Are You There, God?
In the good times and the bad, we’re always in God’s hands!
This is the word that came to Jeremiah from the Lord: “Go down to the potter’s house, and there I will give you my message.” So I went down to the potter’s house, and I saw him working at the wheel. But the pot he was shaping from the clay was marred in his hands; so the potter formed it into another pot, shaping it as seemed best to him. Then the word of the Lord came to me. He said, “Can I not do with you, Israel, as this potter does?” declares the Lord. “Like clay in the hand of the potter, so are you in my hand, Israel.” -Jeremiah 18:1-6
When God chose to speak to his people, Israel, he would often lead his prophet to some ordinary scene from daily life, then give him a message using the details as a metaphor to make it as clear and straightforward as possible. God didn’t want the meaning lost in abstractions and complicated theology.
In Jeremiah 18:1-6, God allows the prophet to observe the potter as he fashions the vessel for some practical purpose. Here’s the basic message that Jeremiah passes on to the people:
1. Just as the clay depends on the potter, so do we depend on God. Since the potter knows what he’s doing, the clay being shaped has no grounds for complaining or protesting about what the potter is doing.

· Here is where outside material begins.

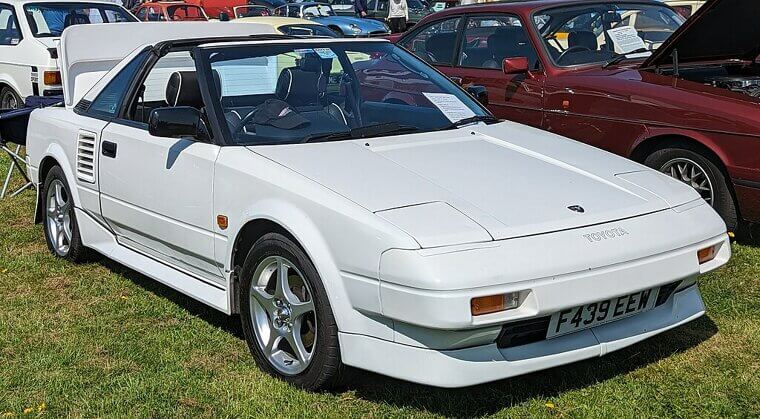 Toyota MR2 (SW20) (1989–1999)
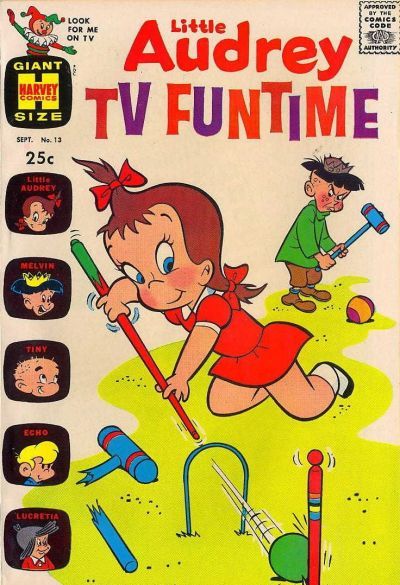 Little Audrey TV Funtime #13 Comic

2. In the same way that the potter has a design in mind for the clay, God works according to a plan and purpose for his people. There’s no randomness in the shaping of the clay.
3. There is good reason for the carving, scraping, cutting, and pressure on the clay. So, there is intelligence and logic behind the hardship, grief, and difficulties (the discipline) God allows in our lives.
4. Just as the clay sometimes seems to resist the shape it’s taking, we try to resist God’s shaping of us. Israel consistently rebelled and did the opposite of what God designed and willed for them.
5. But the potter is persistent and often has to take the whole clay, pick up the bits and pieces around the wheel, press them back into one lump, and start over again. He doesn’t just throw out the whole thing and look for new clay. His patience in fashioning and refashioning eventually brings the vessel to its original design. Even Israel’s (and our) mistakes are ultimately used to bring to pass his perfect will. God never gets so exasperated that he turns away and abandons his work.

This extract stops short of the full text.